約1年以上かけて同社の改善の進捗をレビュー

 

 王子マテリアの「勧告・公表」に至った経緯を見ていくと、違反原因行為は長時間の荷待ちだった。国交省はトラック事業者からの情報を受け、22年8月に同社に是正を「要請」した。その後、同社は改善計画を提出し、一定の改善成果がみられたが、翌年には各地区で、相当数のトラック事業者から依然として長時間の荷待ちが解消されていない実態を把握したため、「勧告・公表」し、改善計画書の提出を再度指示した。

 

 その後、王子マテリアは国交省に対し直ちに物流業務体制を見直すと報告し、24年3月に新たな改善計画書を提出。その後、物流部門の担当者が1~2ヵ月に1回の頻度で国交省に改善の進捗状況を報告していた。このほど一定の改善成果がまとまったことを受け、国交省は同社の改善状況を公表したもの。国交省は「勧告・公表」から約1年以上かけて同社の改善の進捗をレビューしていたことになる。

 

 新たな改善計画では、同年9月末までに原則として荷待ち・荷役作業等の時間を2時間以内とし、トラック事業者とドライバーへのヒアリング活動を定期的に実施し、輸送業務に関わる労働環境改善につなげるとした。具体的な取り組みでは、トラック予約システムを導入したほか、出荷口の増設や荷捌き場の新設、旧倉庫の活用によるトラックの滞留・混雑対策を実施する。

 

 そのほか、物流センターで利用するハンディターミナルの更新、無線機の導入、カメラの設置、外部倉庫への出荷システムを拡充するなど入出荷業務の時短に寄与する対策を実施。グループの王子物流と協力し、運送会社とトラックドライバーへの定期的なヒアリングを実施し、意見を反映。
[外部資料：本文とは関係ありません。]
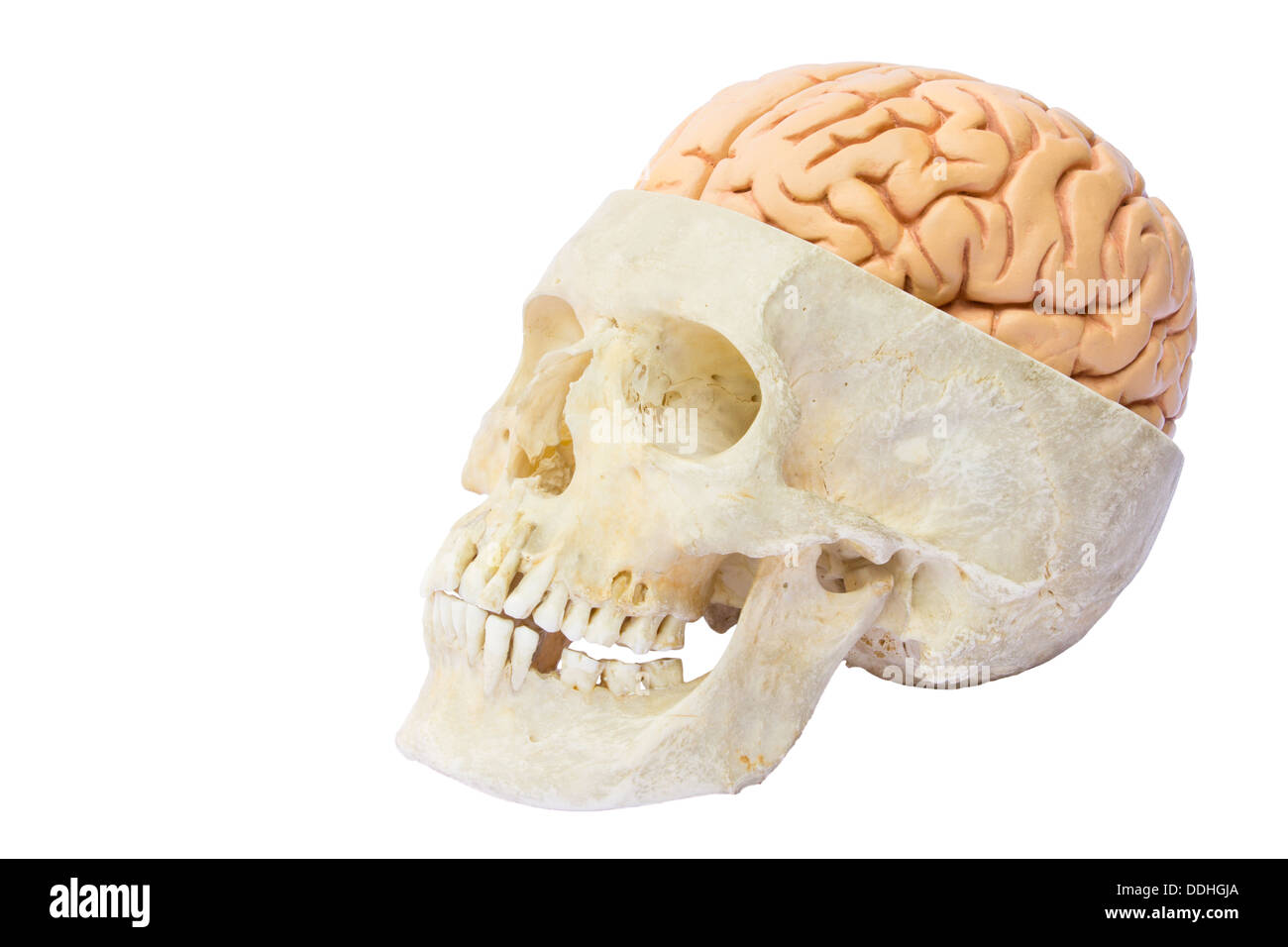 Human skull with artificial brains Stock Photo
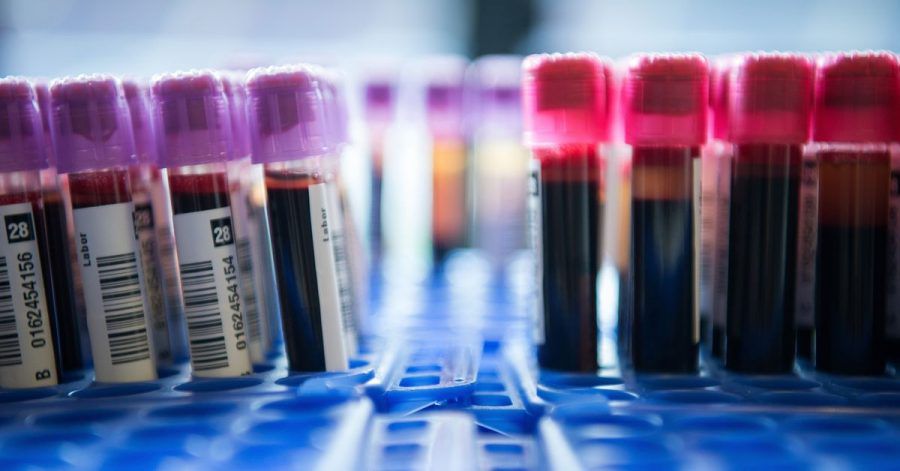 Spezielle Tests können Erbgut von Krebszellen im Blut nachweisen.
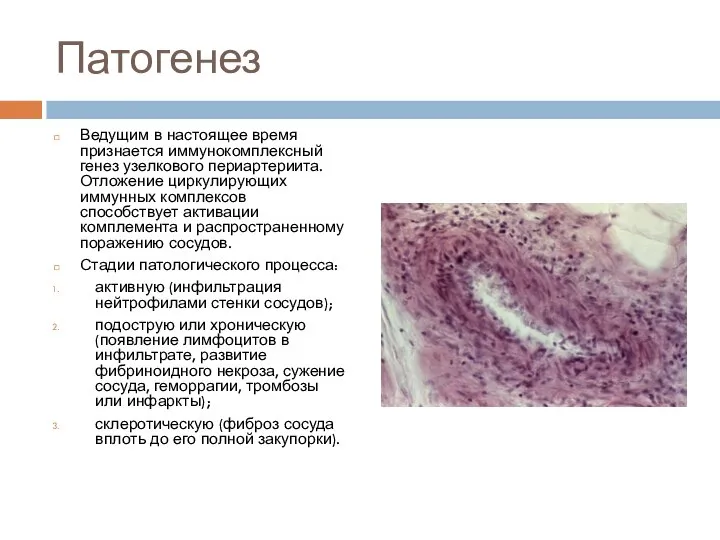 Патогенез Ведущим в настоящее время признается иммунокомплексный генез узелкового периартериита. Отложение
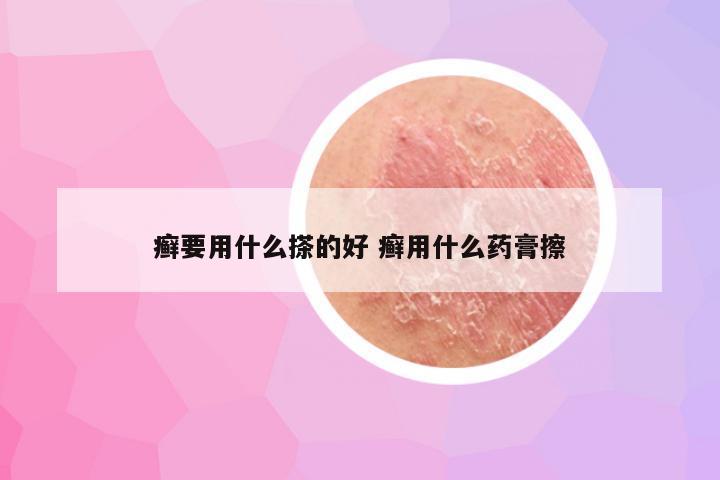 癣要用什么搽的好 癣用什么药膏擦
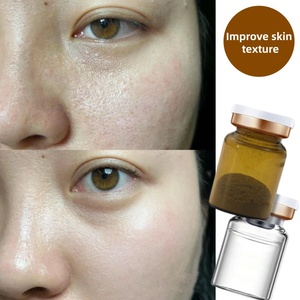 ผงก40% ำจัดสิวเสี้ยนขัดผิวกำจัดคราบจุลินทรีย์ที่ทำให้ผิวขาว - Product Image 4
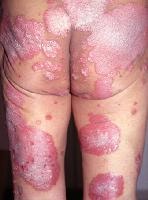 La préparation pour le traitement du psoriasis novartis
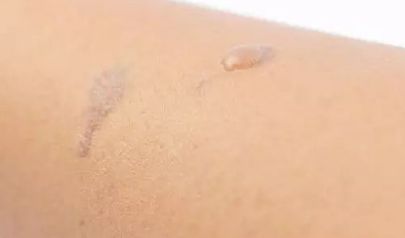 整形醫(yī)生楊小順在鄭州陽光創(chuàng)美進(jìn)行眼部手術(shù)口碑如何？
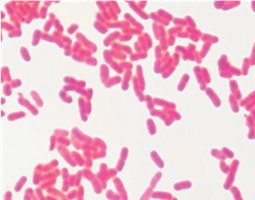 Gram-positive bacteria stained purple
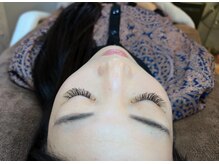 目頭のかゆみ等、気になる事を最大限取り除ける施術をします。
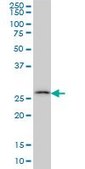 Monoclonal Anti-CA7 antibody produced in mouse clone 3B7, purified immunoglobulin, buffered aqueous solution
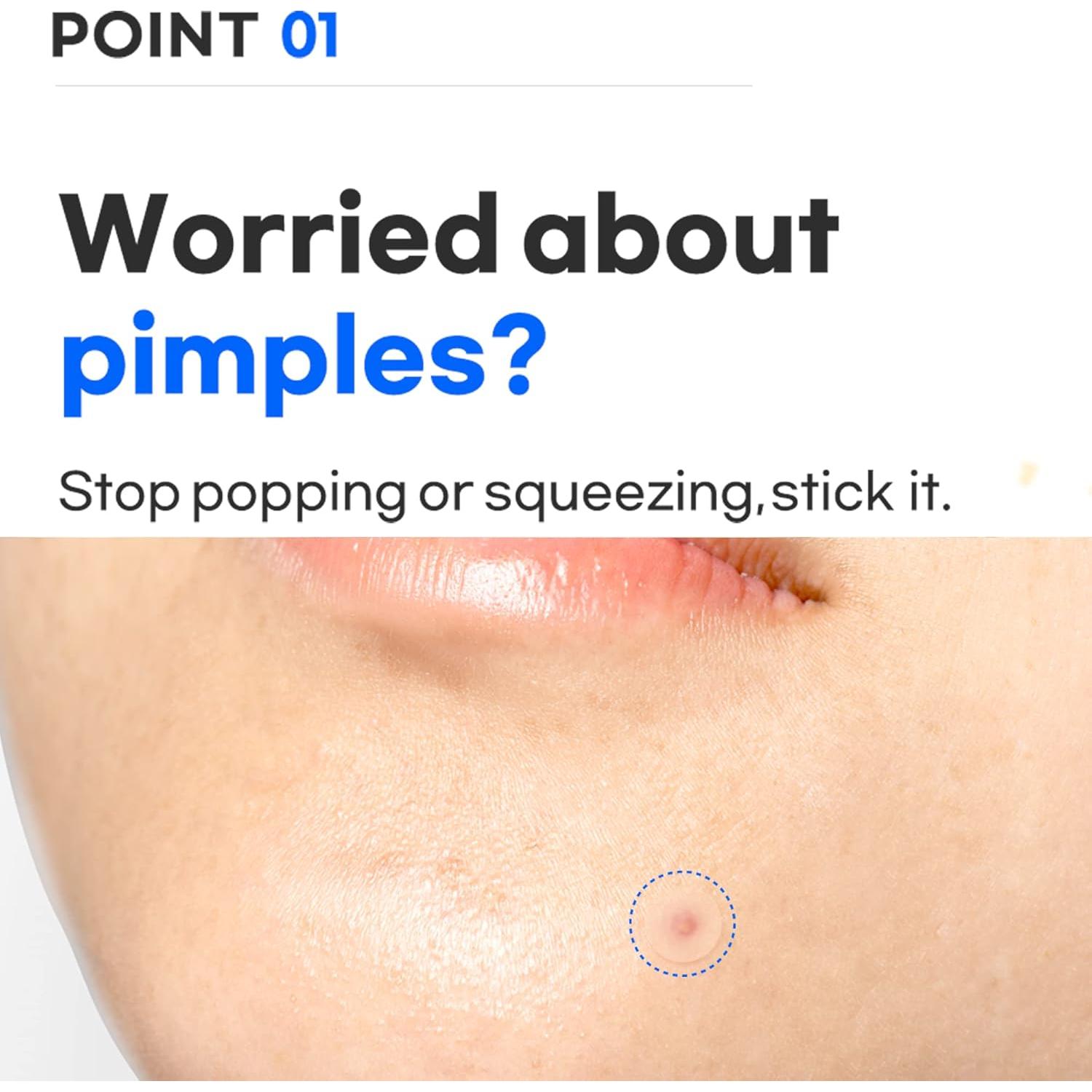 Parche Hidrocoloide TIA'M para Acné - 24 Unidades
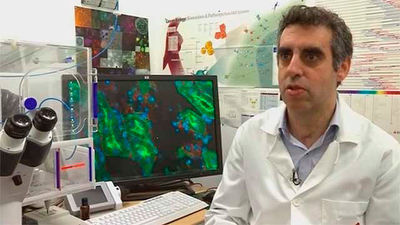 Científicos españoles descubren por qué algunos tumores resisten a la quimioterapia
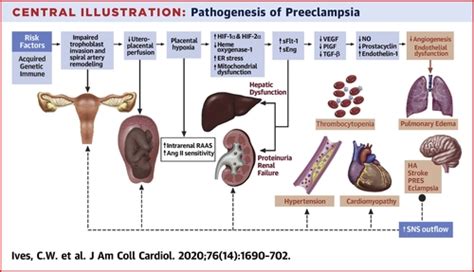 Preeclampsia—Pathophysiology and Clinical Presentations: JACC State-of-the-Art Review | Journal ...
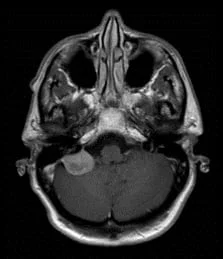 Les Méningiomes 8 Meningiomes de l angle ponto
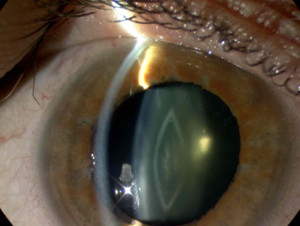 Cataract yellow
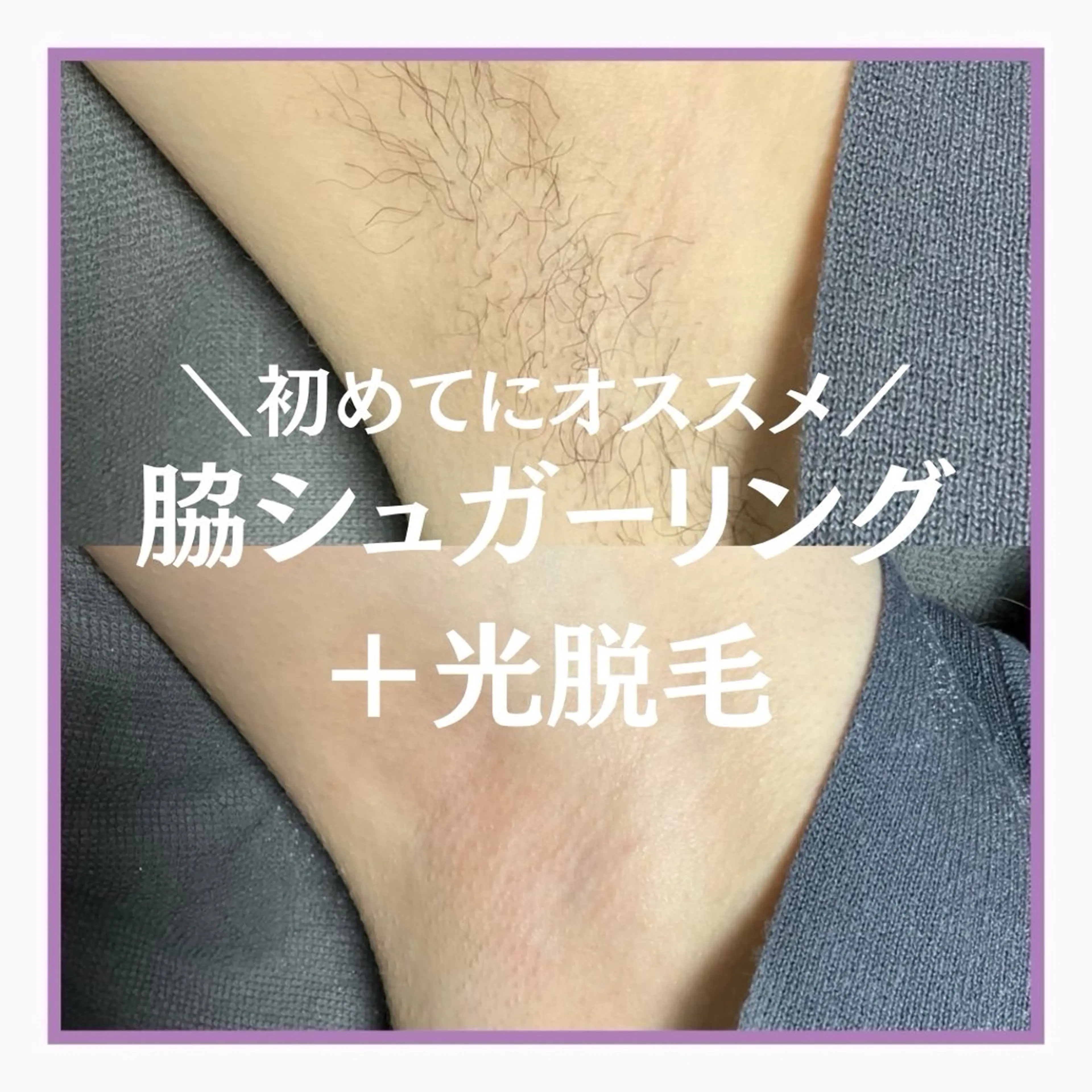 初めてにオススメ✨両脇シュガーリング+光脱毛🍋の写真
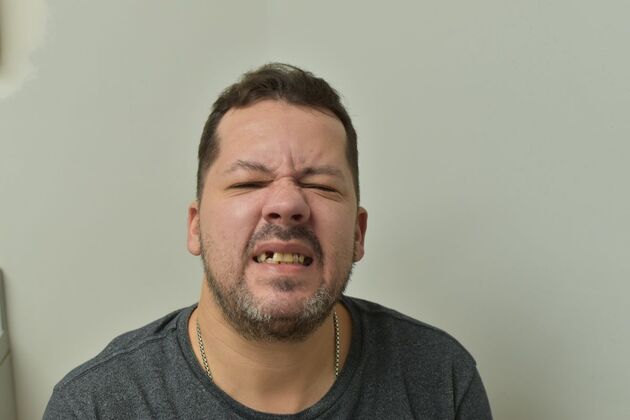 Full Mouth Implants Tosh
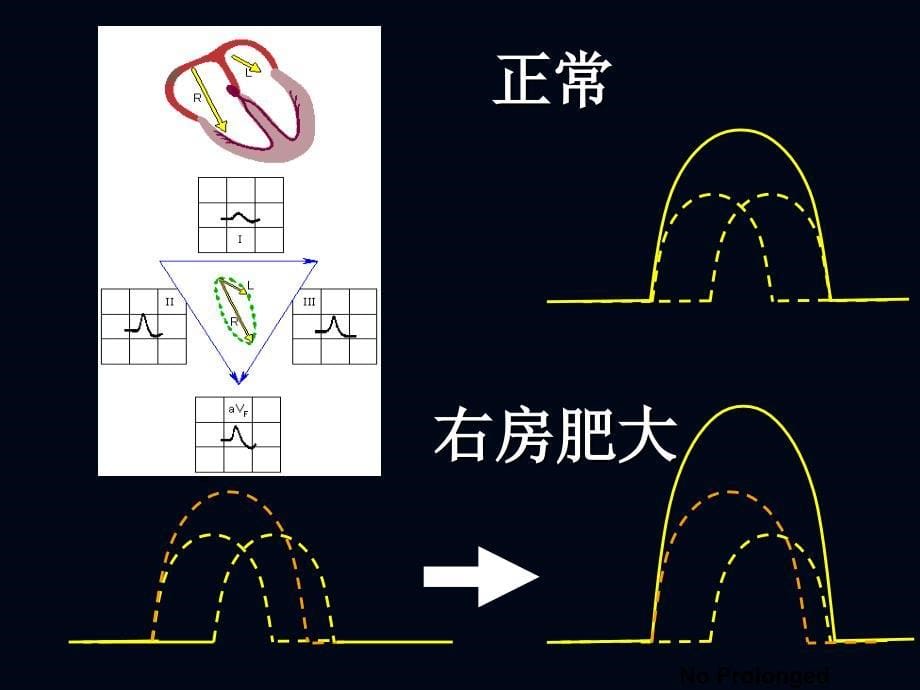 心电图2肥大缺血_第5页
滞在時間短縮のほか複数積みの削減、バース予約ができる時間帯拡大に対する意見・要望について対応した。

 

 さらに、デリバリー体制の一元管理を図り、23年7月に業務改善やDX推進などの課題を解決する部署として「セールスストラテジーセンター」を新設し、製品の種類や部門を超えた調整を実施。王子マテリアは今後も改善状態を継続できる体制を整えたことを国交省に報告し、「引き続き、運送事業者をはじめ物流関係者との緊密なコミュニケーションのもと、関係者からの信頼回復に努めていく」としている。

 

 現在までのところ、改善状況が公表されたのはまだ王子マテリア1社のみ。「トラック・物流Gメン」に寄せられた情報をもとに国交省は荷主や元請事業者に対する「働きかけ」「要請」「勧告・公表」において改善が見られるかを監視し、「勧告・公表」後も、改善の進捗を定期的に確認するなど、同制度において「社名公表」という社会的制裁以上に、物流改善の実効性に重きを置いていることがうかがえる。